Sarà che da praticante tutto è più difficile, perchè comunque ti ritrovi ad osservare da una prospettiva piuttosto bassa, sarà che dopo un anno di questa vita cominci a capire che ci sono delle crepe- anche piuttosto vistose- in un sistema che all'apparenza può sembrare molto allettante, sarà che sono io che non ho mai avuto la smania di intraprendere questa strada e che alla fine l'ho fatto, nella convinzione che fosse la scelta più consona, pentendomene ogni altra settimana, sarà quel che sarà, come saggiamente si cantava, ma tant'è che ultimamente mi ritrovo sempre più spesso a gauardare con occhio disincantato e cinico l'universo lavorativo in cui gravito pure io.
E cosa vedo? Vedo una forte ipocrisia di fondo: tutti amiconi, tutti grandi salamelecchi e pacche sulle spalle nei corridoi del Tribunale, poi però dietro le spalle ne si dicono di ogni. Mica tutti, per carità, però è un atteggiamento molto diffuso. Vedo ipocrisia nei rapporti con noi praticanti, quando ci dicono che capiscono che siamo sfruttati e considerati meno di niente e che razza di ingiustizia è questa, però poi stringi stringi ti sfruttano lo stesso e ti sottopagano, se ti pagano, ovviamente.

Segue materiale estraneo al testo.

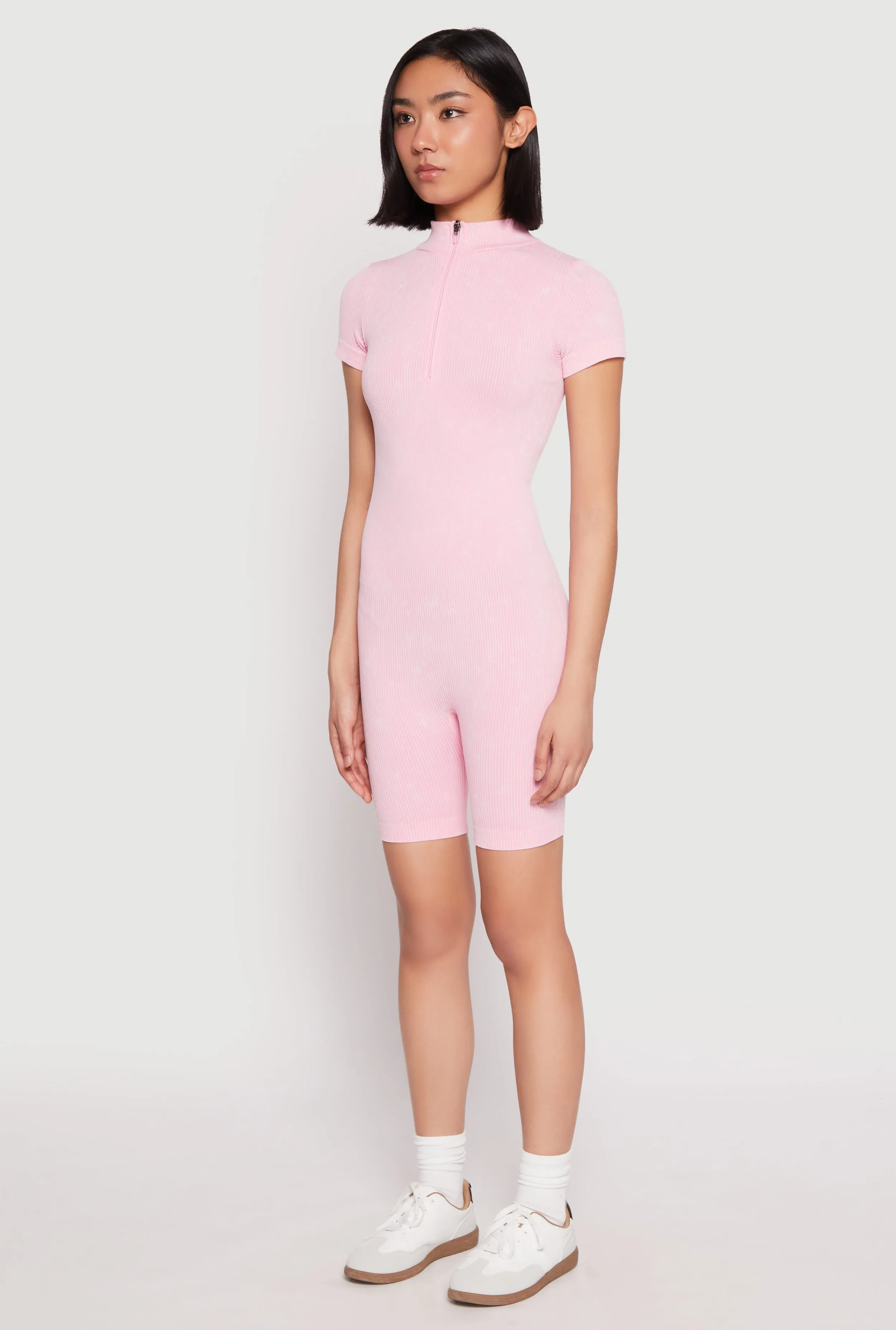 Acid Wash Biker Romper sold by Rainbow product image thumbnail 3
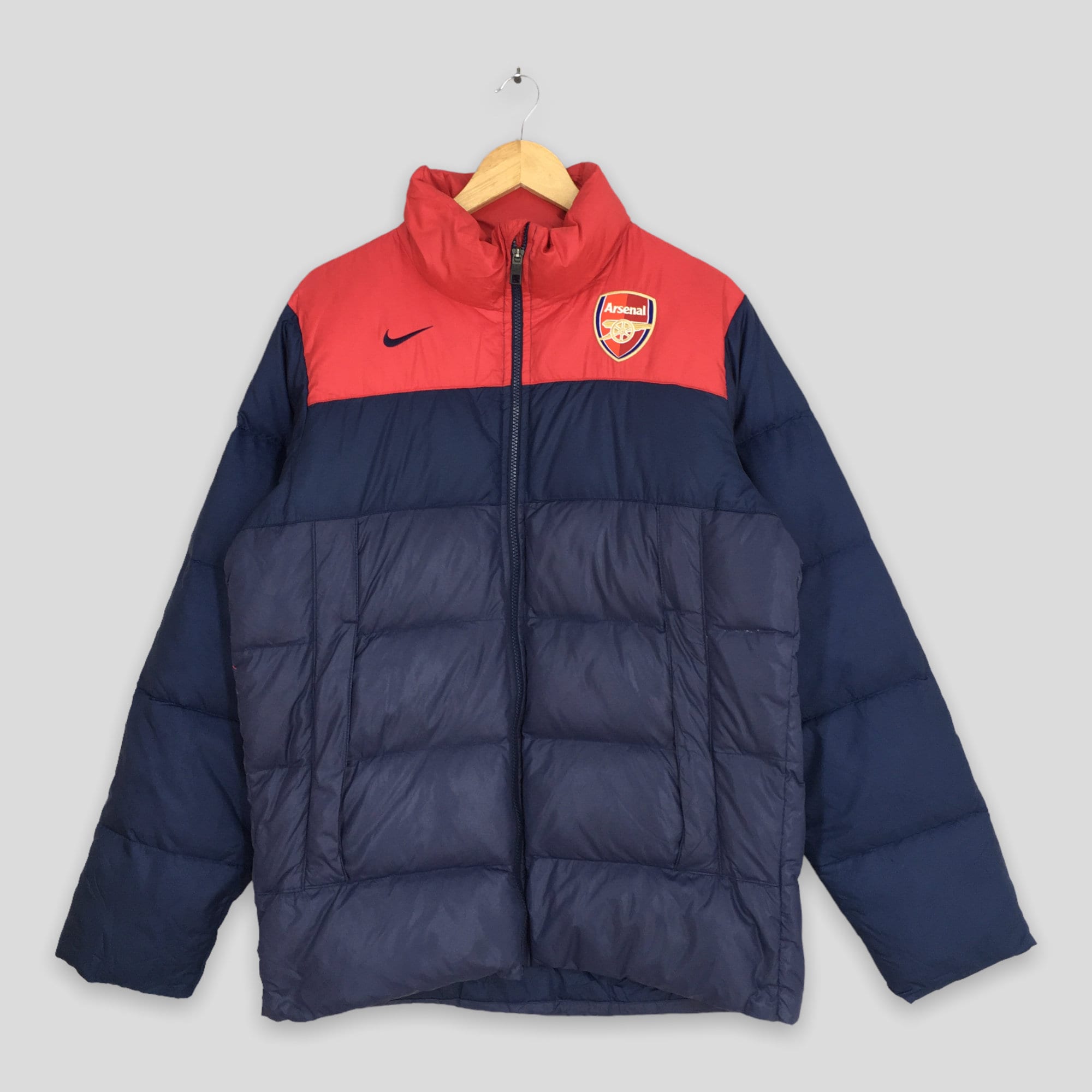 Vintage 90 s Nike Swoosh Arsenal Football Puffer Jacket Large Nike Arsenal Nike Sportswear Goose Down Warmer Jacket Nike Winter Coat Size L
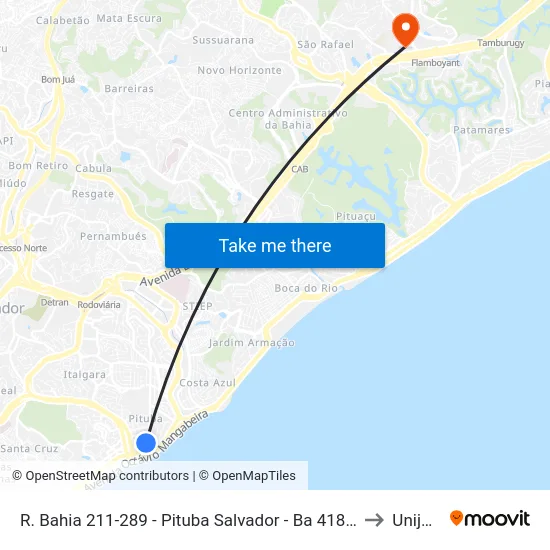 R. Bahia 211-289 - Pituba Salvador - Ba 41830-160 Brasil to Unijorge map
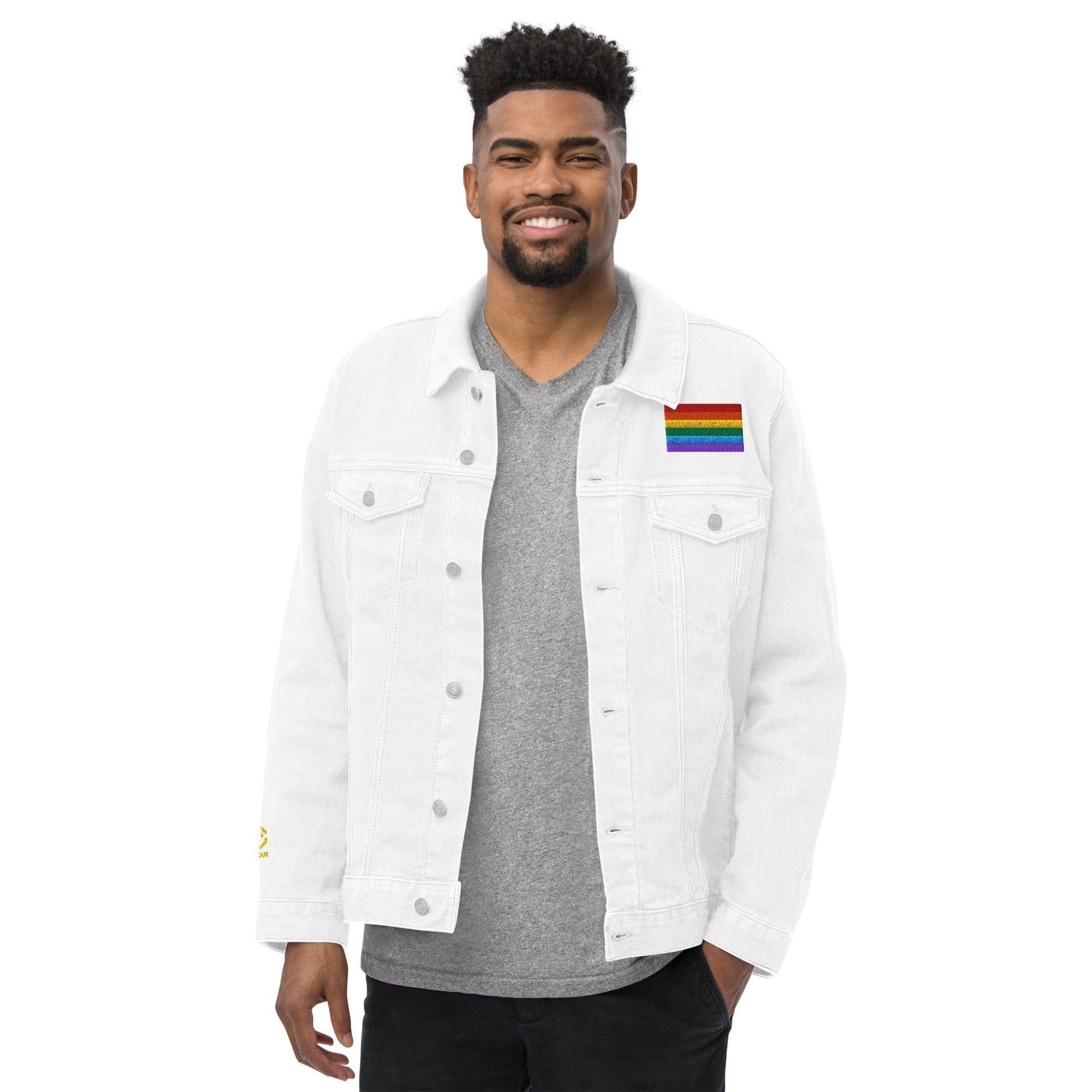 Be Proud Rainbow Flag Unisex Denim Jacket | LGBTQ+ Pride Jacket | Rainbow Flag Apparel | Inclusive Fashion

Vedo ipocrisia nel nascondersi dietro inutili formalismi, quando la realtà è che questo è un lavoro come un altro e alla fine ti deve dare da mangiare, quindi il cliente è cliente, appunto, non l'"assistito", come bisognerebbe dire, perchè se no, sai dà troppo l'idea del rapporto commerciale, quando in realtà la nostra è una funzione "più alta"... Ma per favore, ma almeno non raccontiamocela! Siamo onesti con noi stessi e ammettiamo che anche la professione forsense è cambiata e sta cambiando e non c'è nulla di male, è nella normalità delle cose, fine pace e amen.
Mi rendo conto che sono considerazioni che ai non addetti ai lavori potrebbero sembrare incomprensibili e verbose, ma questo è un mero sfogo personale, su cui rimugino da settimane e che avevo bisogno di esternare.
Il mondo del Tribunale, poi, con le sue inutili macchinosità e la burocrazia estrema, merita un capitolo a parte.
Il punto è, però, che alla fine mi dispiace. Perchè esci dall'università convinta di alcune cose, con delle certezze, con il bianco ed il nero come colori di riferimento e alla fine capisci che è tutta un'altra musica e che la giustizia, quel concetto bellissimo e nobile che pensi sia il pane di ogni avvocato, bè, conta fino ad un certo punto. Ho scoperto l'acqua calda?Può darsi. Forse sono stata scema io a crogiolarmi per un bel po' nelle mie fantasie alimentate a serie legal americane, ma resta il fatto che anche cadere dal pero fa male. Soprattutto, ti fa chiedere se questo è davvero quello che vuoi fare tutta la vita.